Yom Kippur is the holiest and most solemn day of the Jewish year and is a fast day. According to tradition, at the end of Yom Kippur, God decides whether we will be inscribed in the Book of Life and “seals” our fates for the coming year.
There are a number of customs and traditions observed by Jewish communities around the world.
Most communities uphold the custom of not wearing leather shoes on Yom Kippur. Leather shoes were historically considered luxury apparel. So, keeping with the humble spirit of Yom Kippur, Jewish tradition recommends avoiding leather shoes to demonstrate a willingness to forego luxury. In order to avoid leather footwear, many wear canvas sneakers, flip flops, Crocs, or wedge sandals.

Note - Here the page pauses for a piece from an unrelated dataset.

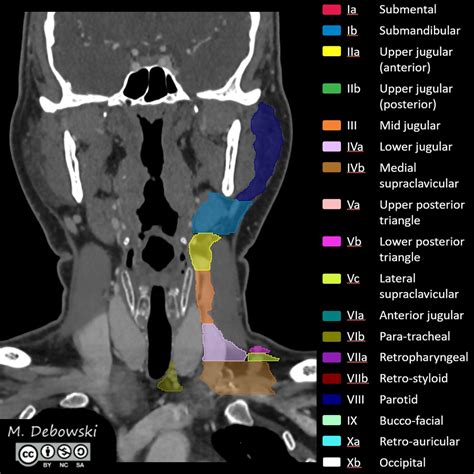 Level i cervical lymph nodes. Lymph node levels of the head and neck (annotated CT ...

In many communities around the world, it is traditional to dress in white on Yom Kippur. This symbolizes purity and the opportunity to begin the new year with a clean slate.
Breaking the fast
“Break fast” (no, not breakfast) is the meal eaten immediately after Yom Kippur to break the fast.
In many Ashkenazi American homes, it’s common to serve bagels, cream cheese, kugel, fresh fruit and coffee. In Sephardic homes, the menu might include dairy foods, soups and stews, and other dishes that would be served at a lunch or dinner as opposed to brunch. However, each family has their own break fast customs.
Lighting a memorial candle
If one’s parent or parents are deceased, a special memorial candle, often called a Yahrzeit candle or “ner neshama” in Hebrew, is lit prior to beginning the fast in their memory and burns for the entire holiday.
Tashlich is a ceremony in which Jews throw pieces of bread into a body of water to symbolize casting away their sins. Before performing Tashlich, it is customary to reflect on the past year as part of the Teshuvah process, in order to “cast away” your wrongdoings.
Verses from the Book of Micah are recited, such as, “He will take us back in love; He will cover up our iniquities, You will cast (tashlich) all our sins into the depths of the sea” (7:19).
Although Tashlich is typically done on the afternoon of the first day of Rosh Hashanah, it can be performed until the end of Sukkot.